Emily Lewis: [Agrees]

Lea Alcantara: And I think like for a lot of people of color, their reaction is actually not cause drama.

Timestamp: 00:40:02

Emily Lewis: [Agrees]

Gina DeLapa: Sure, like can be the model minority kind of, yeah.

Lea Alcantara: Exactly, but that doesn’t help.

Gina DeLapa: No, no, that just keeps the oppression in place.

Lea Alcantara: Exactly. So how would someone in that kind of situation deal with that kind of drama and leave with a certain sense of dignity as well as like moving something, you know, their career and their work relationships forward?

Gina DeLapa: That’s a big question, an important question, so somebody is dismissive of your work or your contribution.

Emily Lewis: [Agrees]

Gina DeLapa: I think you can go to them privately and sometimes you can just say more about that and get them to talk and hopefully recognize the error of their ways, so to speak, or just let them kind of exhaust themselves and say, “You know, well, here’s how I see it.” Or engage them in conversation, but say, “I need to point out that I think my contributions are strong and I think you’ll agree, I’ve done this, this and this. It’s not helpful to me when you blah, blah, blah.” But warmly, quietly you advocate for yourself.

Lea Alcantara: Yeah.

Gina DeLapa: I have a refrigerator magnet that says, “Stand your ground, it’s sacred.”

Emily Lewis: [Agrees]

Gina DeLapa: And you don’t back down. Yeah, you stand up for yourself and hopefully move that person a little further along, but meanwhile, you make your voice heard.

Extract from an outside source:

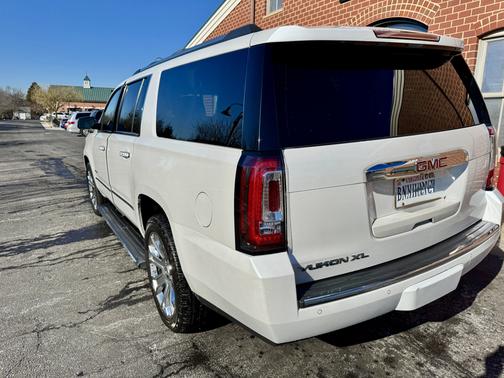 2016 GMC Yukon XL Denali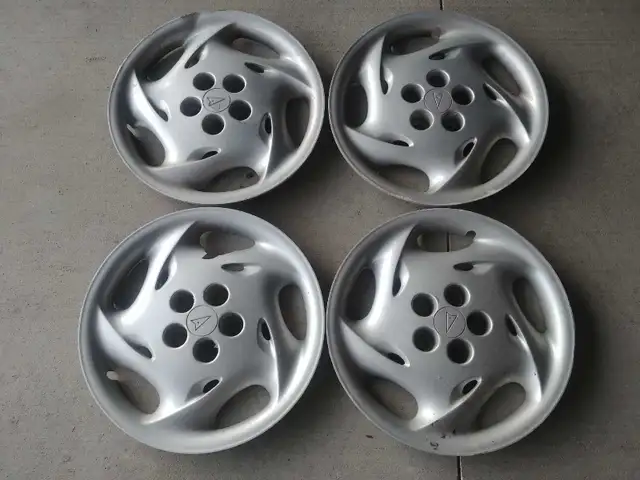 Wheel coverings/hubcaps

Emily Lewis: I feel like to be in a position to do that, for me, this just keeps looping back to that understanding what you need and knowing what boundaries you are not willing to let someone else cross so that you can advocate for yourself from a position of strength.

Gina DeLapa: Yes.

Lea Alcantara: Yeah.

Emily Lewis: And then you even support it further by making sure you’re getting enough sleep, making sure you’re active, making sure you’re connecting with people, you know, all those fundamentals.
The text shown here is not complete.